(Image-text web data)
=== Begin Enclosure ===
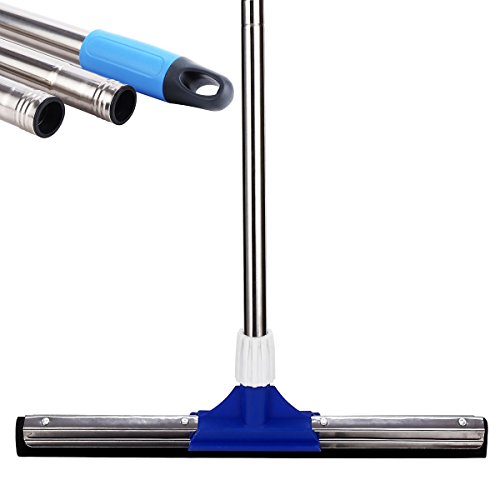 Heavy Duty Floor Squeegee, YCUTE 17.7" Dual EVA Foam Moss, 50.6" Long Handle Perfect for Washing and Drying Tile Glass Marble and Wood Surfaces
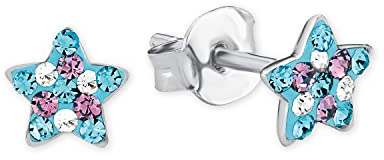 Prinzessin Lillifee Kinder-Ohrstecker Stern 925 Silber rhodiniert Kristall mehrfarbig - 2013175, Blau/Lila, onesize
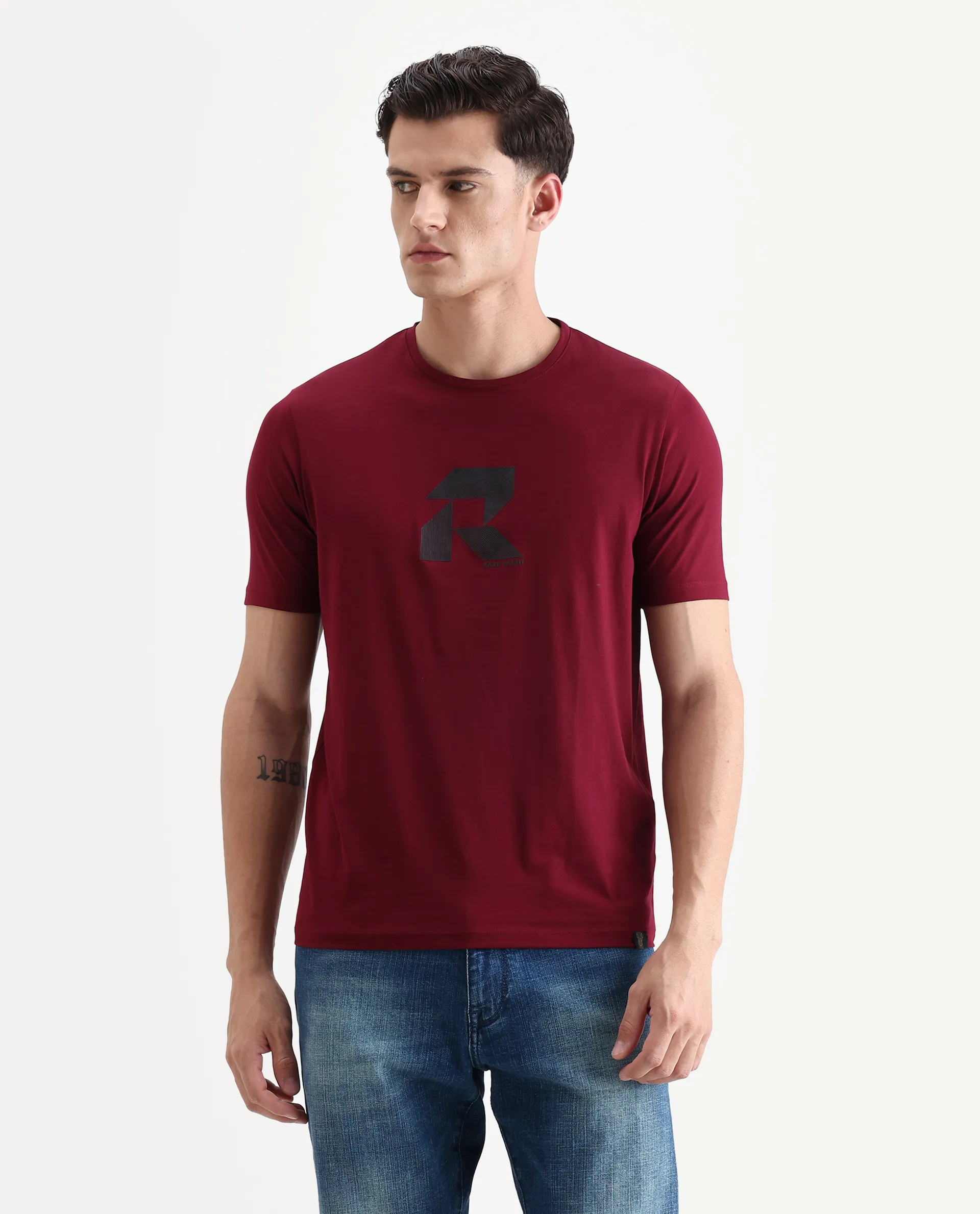 Rare Rabbit Men's Tibo Dark Red Cotton Blend Graphic Print Regular Fit Half Sleeve Crew Neck T-Shirt - Image 4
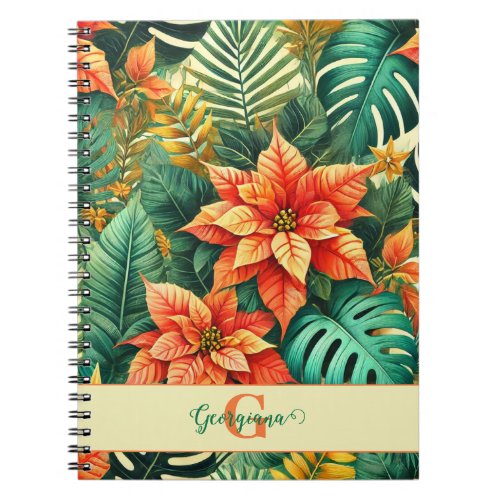 Personalized Vibrant Tropical Christmas Poinsettia Notebook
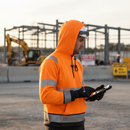 Dim Gray High-Visibility Two-Tone Hoodie Sweatshirt - Orange and Black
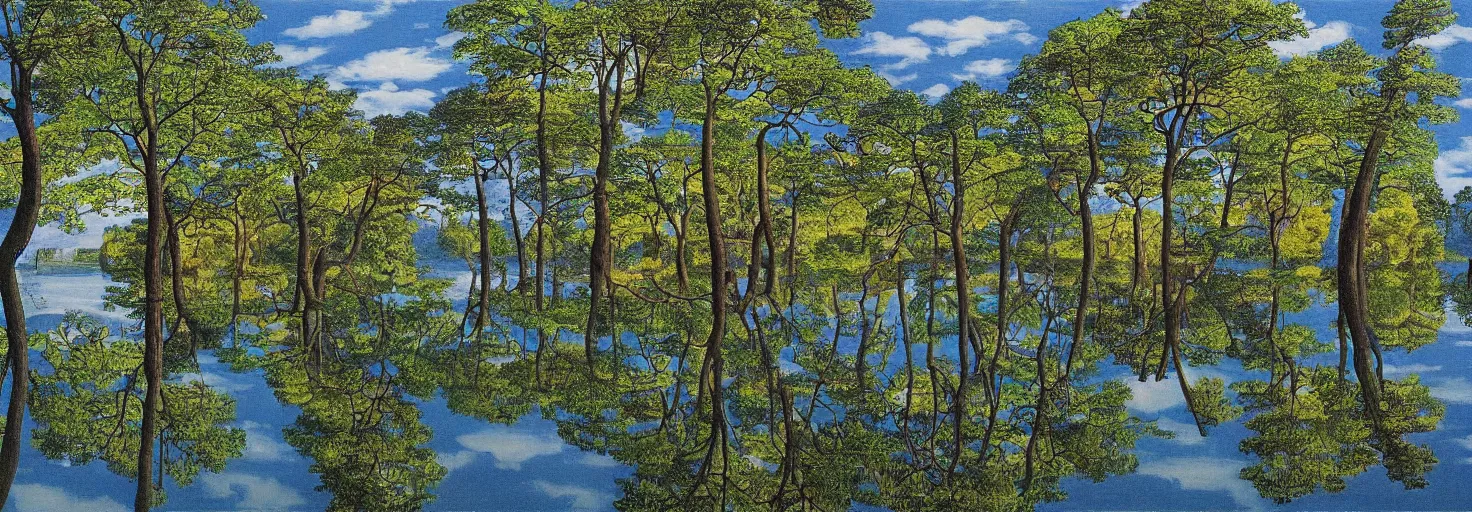 Image similar to escher painting of a lake, big trees reflecting on lake surface, ultra sharp, ultra detailed, colorized by salvador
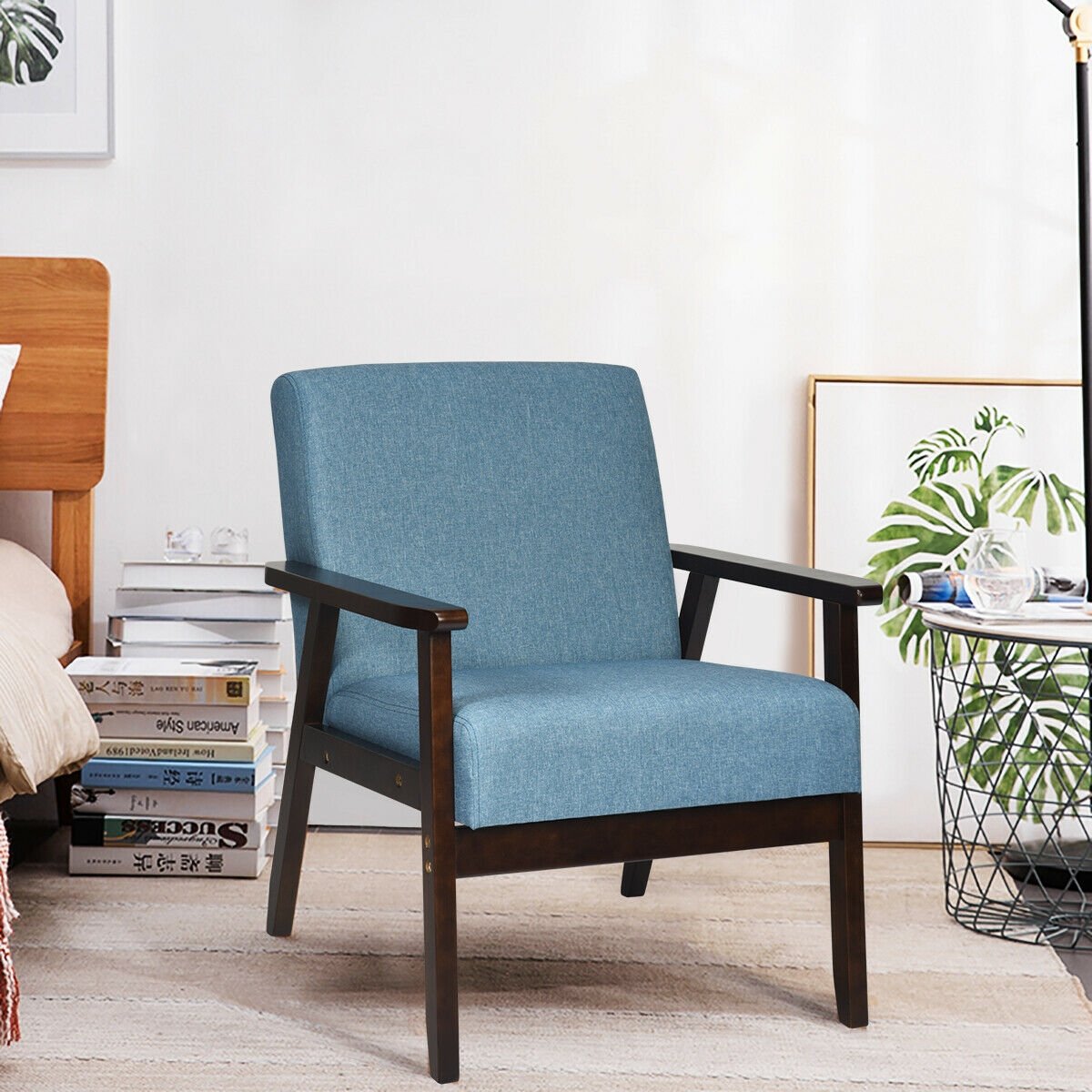 Solid Rubber Wood Fabric Accent Armchair-Beige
=== End Enclosure ===
The pictures in the data should be omitted, and every remaining line set down exactly.

**EXERCISE ANSWER**
 Heavy Duty Floor Squeegee, YCUTE 17.7" Dual EVA Foam Moss, 50.6" Long Handle Perfect for Washing and Drying Tile Glass Marble and Wood Surfaces
 Prinzessin Lillifee Kinder-Ohrstecker Stern 925 Silber rhodiniert Kristall mehrfarbig - 2013175, Blau/Lila, onesize
 Rare Rabbit Men's Tibo Dark Red Cotton Blend Graphic Print Regular Fit Half Sleeve Crew Neck T-Shirt - Image 4
 Personalized Vibrant Tropical Christmas Poinsettia Notebook
 Dim Gray High-Visibility Two-Tone Hoodie Sweatshirt - Orange and Black
 Image similar to escher painting of a lake, big trees reflecting on lake surface, ultra sharp, ultra detailed, colorized by salvador
 Solid Rubber Wood Fabric Accent Armchair-Beige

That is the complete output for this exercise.